MIRR, or Modified Internal Rate of Return, is a variation of the IRR metric. Similarly, it shows you what return (expressed as a percentage of the initial investment) you can expect on a given project. Knowing the IRR or MIRR, you can easily compare mutually exclusive investments and choose the one that is most profitable.
Just like the IRR calculator, the MIRR calculator takes into account the present value of each cash flow. The main difference between these two metrics lies in the approach to the cash inflows: in MIRR, we assume that each cash inflow is reinvested at a steady rate, called the reinvestment rate.
The MIRR formula is substantially different from the IRR formula - you will notice that, while the future value of positive cash flows is still taken into consideration, the MIRR metric is not that similar to the NPV equation.
MIRR = [(FV(positive cash flows, reinvestment rate) / PV(negative cash flows, finance rate)] ^ (1/n) - 1
What are all the elements of this equation? Let's list them here:
n is the number of time periods (typically, years) between now and the end of the project.
FV stands for the future value of all positive cash flows. Every positive cash flow will be reinvested, increasing your total profit. The formula for FV is:
FV = ∑ [Cᵢ * (1 + RR)ⁿ⁻ⁱ]
PV = C₀ - ∑ [Cᵢ / (1 + FR)ⁱ]
RR is the reinvestment rate - an interest rate expressed as a percentage.
FR is the finance rate.
Remember that you have to include only the positive Cᵢ
terms when calculating the FV
value, and only the negative Cᵢ
terms when calculating the PV
value!
As the formula is quite complicated, we strongly suggest using our MIRR calculator instead of determining its value by hand.
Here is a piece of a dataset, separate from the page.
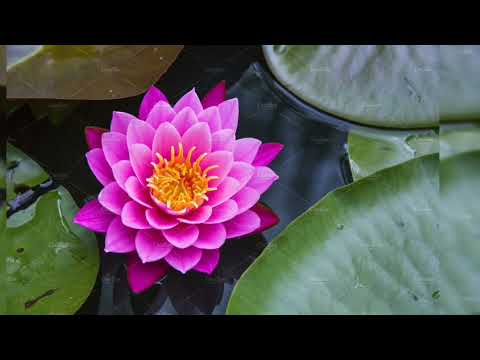 Daimoku  Nam Myo Ho Renge Kyo  30 minutes  10min --10min --10 min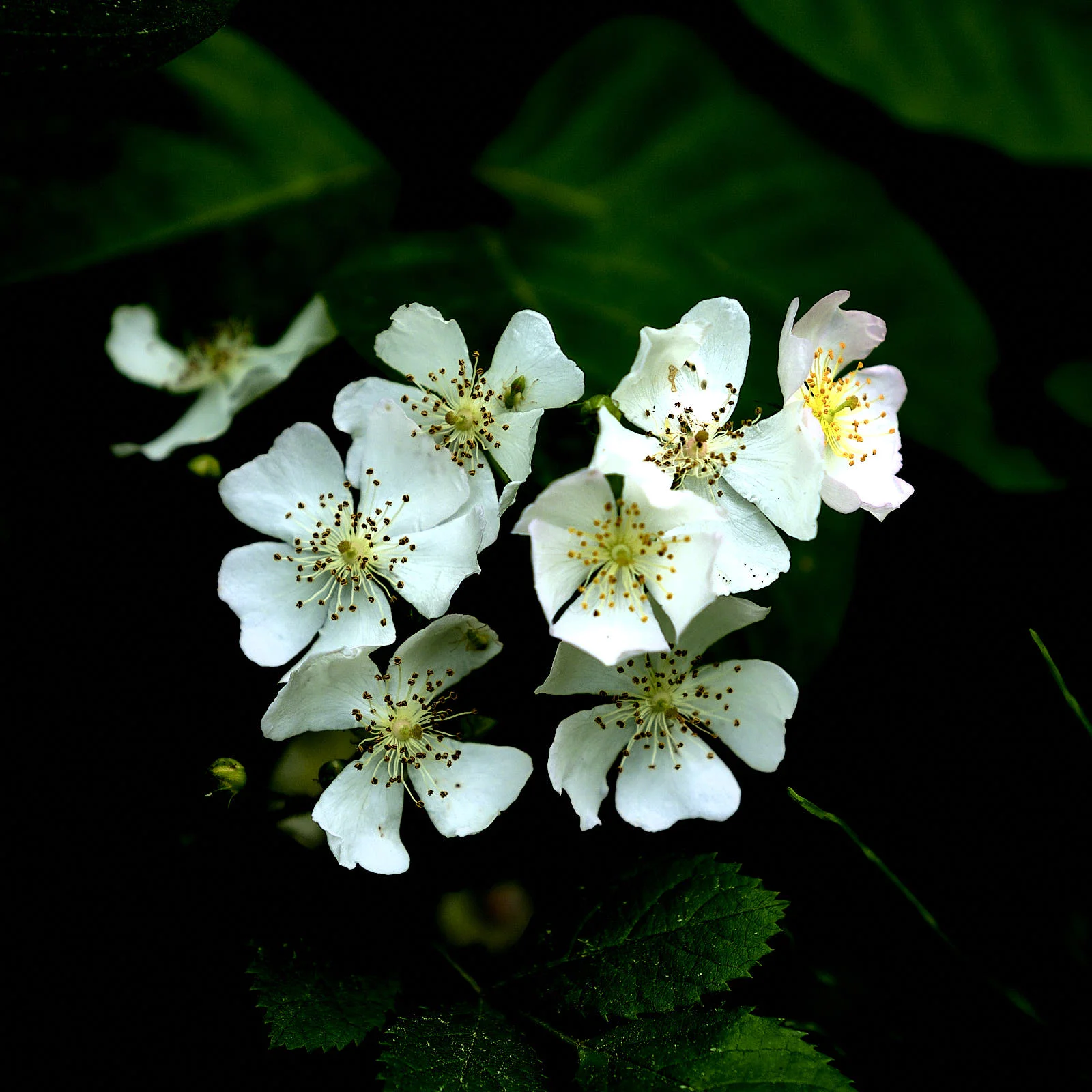 DSCF3535.jpg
In the advanced mode, this tool can process up to 9 cash flows.
Let's try to find the value of the MIRR metric for the following case:
time | Cash flow |
---|---|
initial investment | $10,000 |
year 1 | $6000 |
year 2 | -$4000 |
year 3 | $8000 |
year 4 | $3000 |
year 5 | $7000 |
We will assume the financing rate of 10% and the reinvestment rate of 12%. The number of years n = 5
.
FV = 6000 * (1 + 0.12)⁴ + 8000 * (1 + 0.12)² + 3000 * (1 + 0.12) + 7000 = $29,836
PV = 10000 - (-4000) / (1 + 0.10)² = $13,306
MIRR = [FV / PV] ^ (1/n) - 1
MIRR = [29,836 / 13,306] ^ (1/5) - 1
MIRR = 17.53%
The MIRR of this case is equal to 17.53%. By comparison, the IRR metric is equal to 24.38%. These two values are significantly different; remember that by no means can they be used interchangeably!